Once you reach the line containing "Spaghetti with fresh", return it and every line after it exactly, through the end of the records below, with no pictures.

▶ Exercise materials:
==================================================
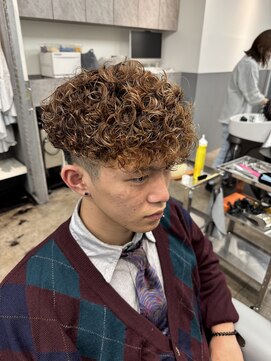 ノイセル 西本町(Noisyle) スペインカールプードルパーマ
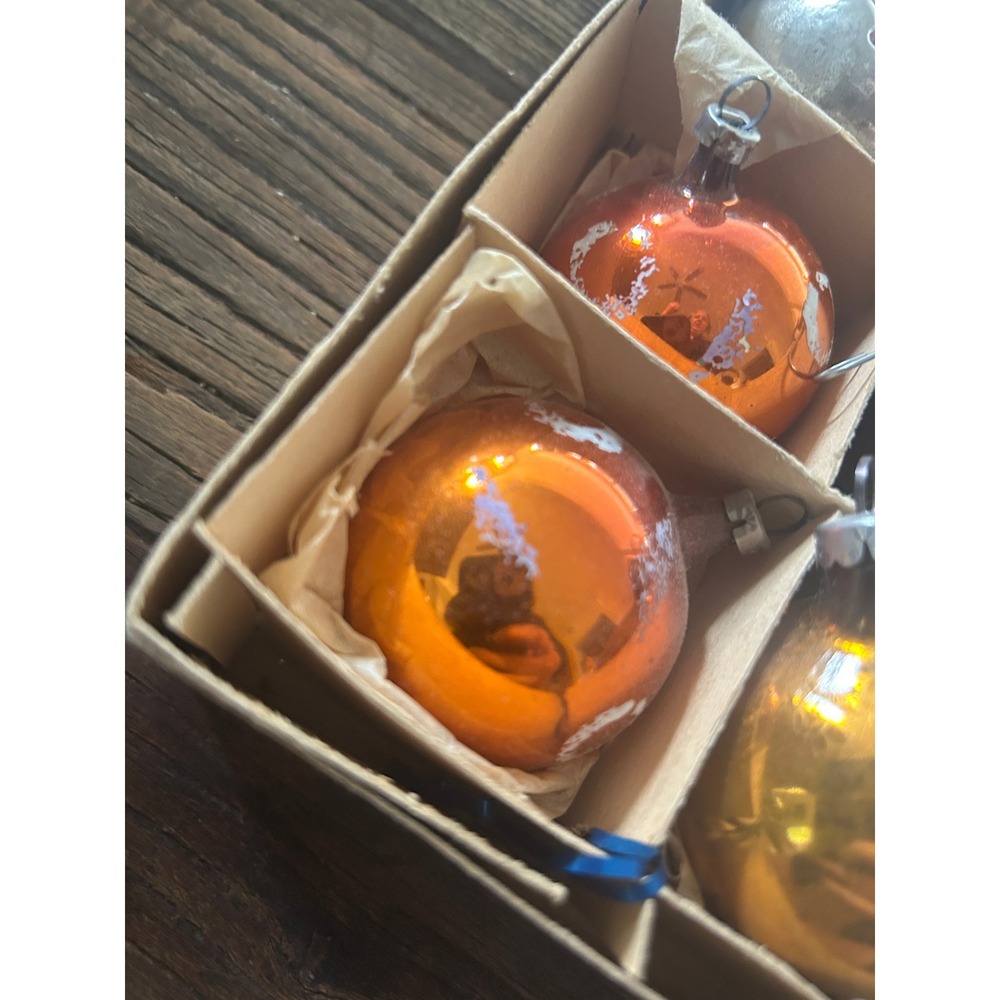 Vintage Glass Christmas Ornaments Set 12 Reflector Indent Hand Painted MCM Balls - Picture 4 of 6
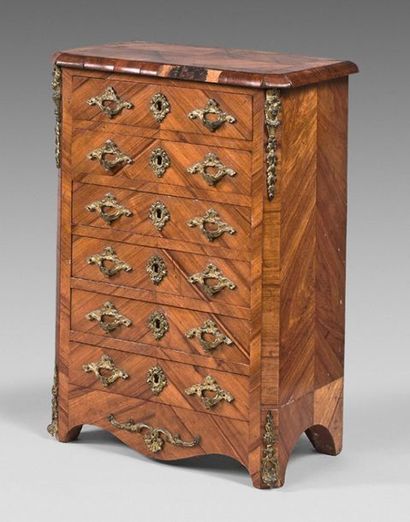 null Rosewood veneer "de maîtrise" chest of drawers with six drawers.
19th century.
(Accidents)
Provenance...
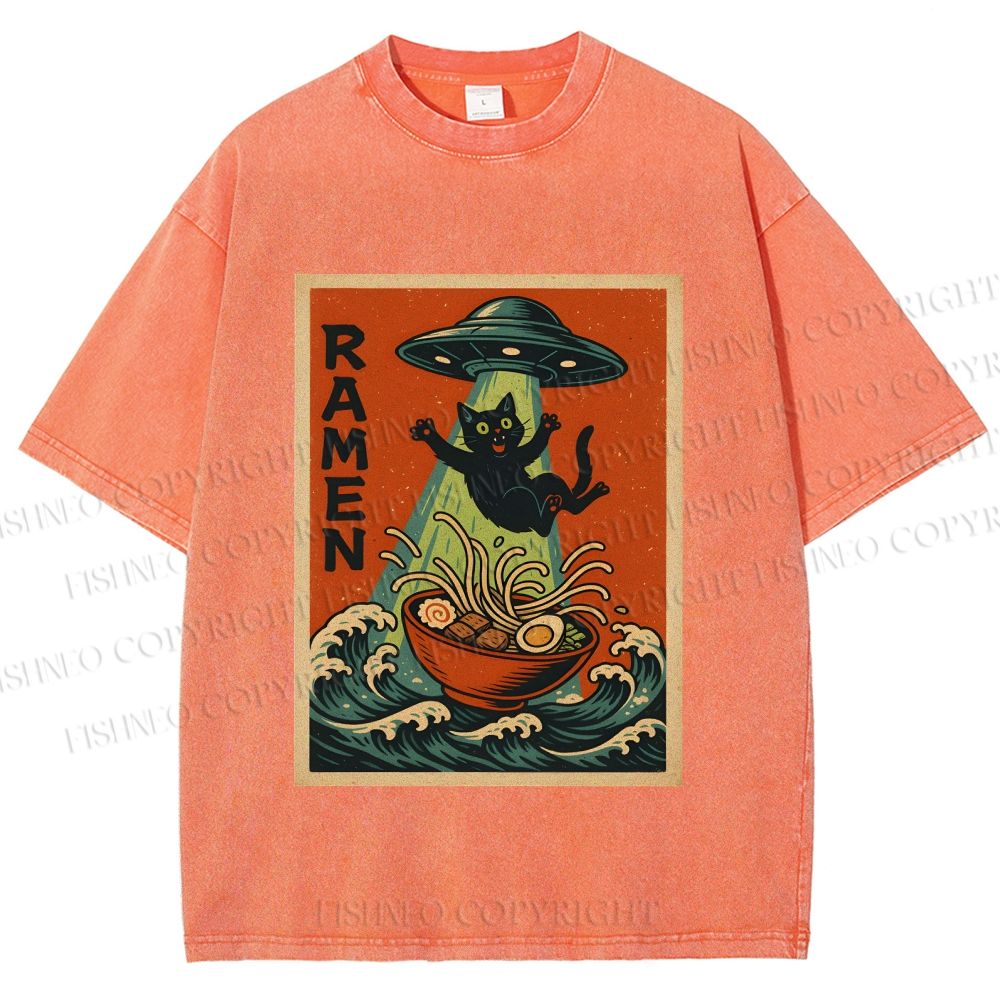 Unisex UFO Catching the Ramen Black Cat Printed Washed Tee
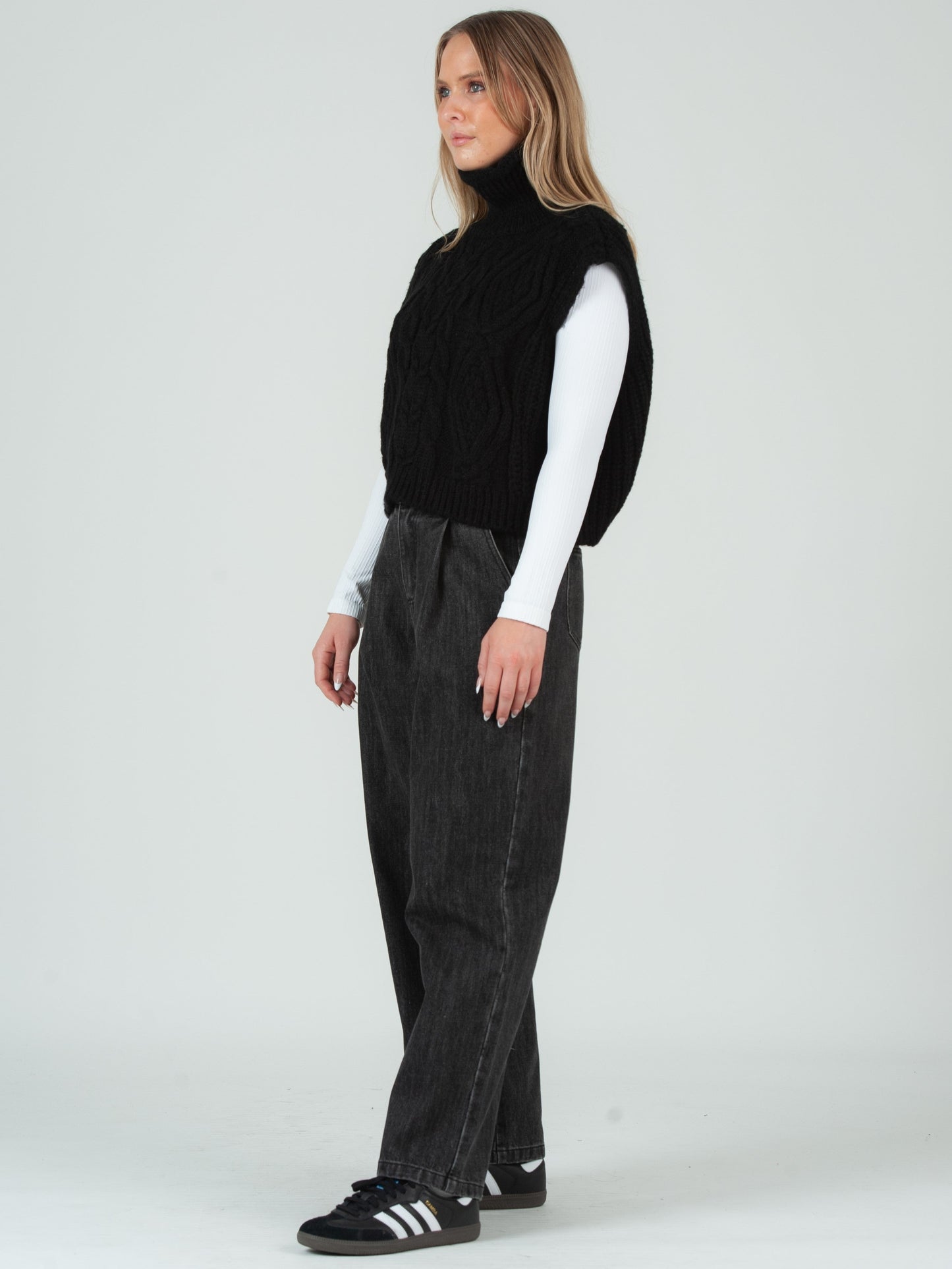 Women’s Cable Knit Turtleneck Sweater Vest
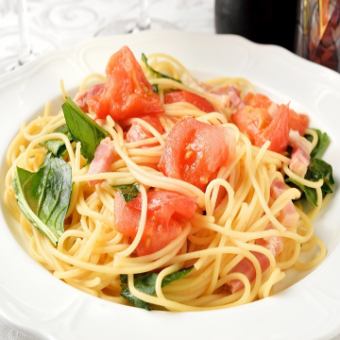 Spaghetti with fresh tomatoes, thick-sliced bacon and basil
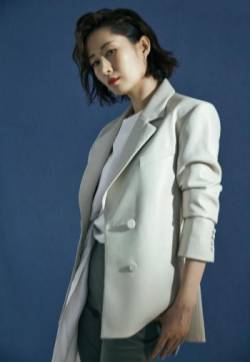 高清湖北武汉影视女演员刘敏涛时尚大气写真图片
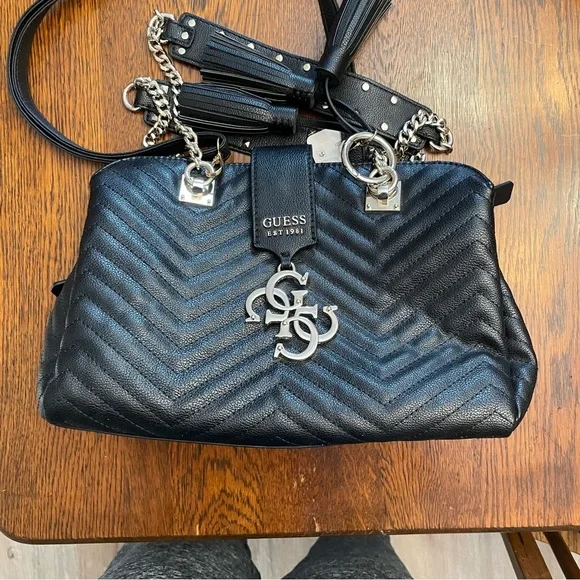 NWT Guess Violet Chevron Quilted Shoulder/Satchel Black Bag w/ Tassel and Chain - Picture 2 of 15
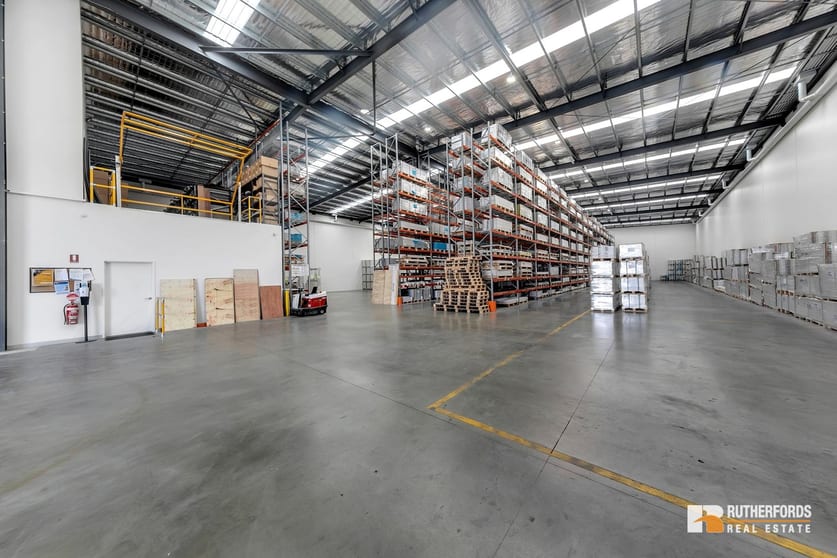 Click to view all images 45 Ricky Way Epping VIC 3076 - Image 3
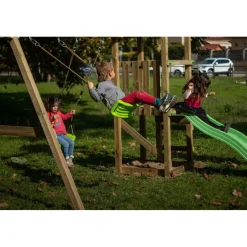 Parque infantil Carlit de madera columpios y tobogán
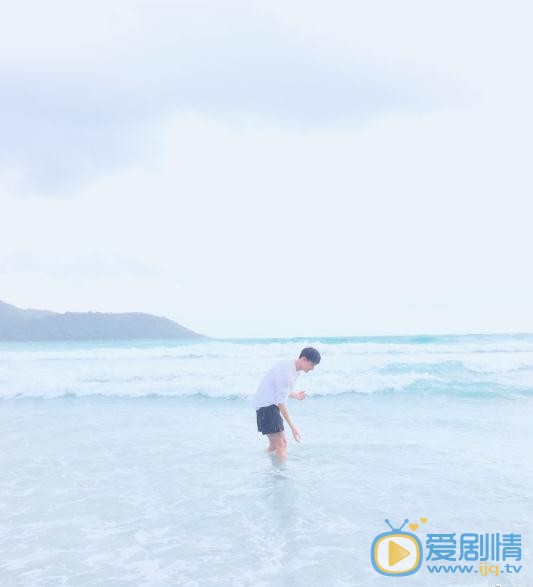 汪卓成海边照 汪卓成高清写真_汪卓成高清剧照
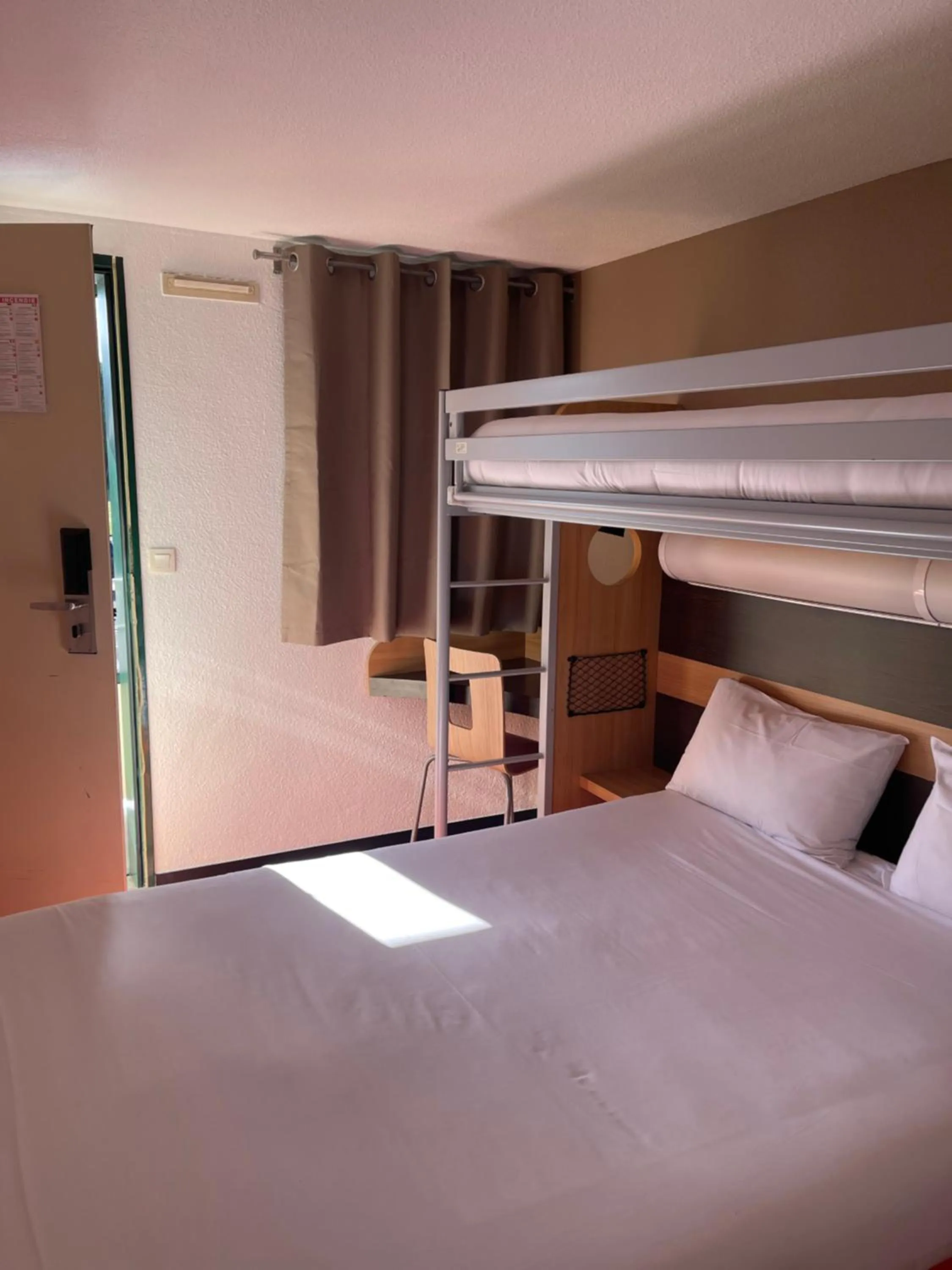 Bedroom, Bed in Premiere Classe Amiens Est - Glisy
==================================================
▶ Output of the exercise:
 Spaghetti with fresh tomatoes, thick-sliced bacon and basil
 高清湖北武汉影视女演员刘敏涛时尚大气写真图片
 NWT Guess Violet Chevron Quilted Shoulder/Satchel Black Bag w/ Tassel and Chain - Picture 2 of 15
 Click to view all images 45 Ricky Way Epping VIC 3076 - Image 3
 Parque infantil Carlit de madera columpios y tobogán
 汪卓成海边照 汪卓成高清写真_汪卓成高清剧照
 Bedroom, Bed in Premiere Classe Amiens Est - Glisy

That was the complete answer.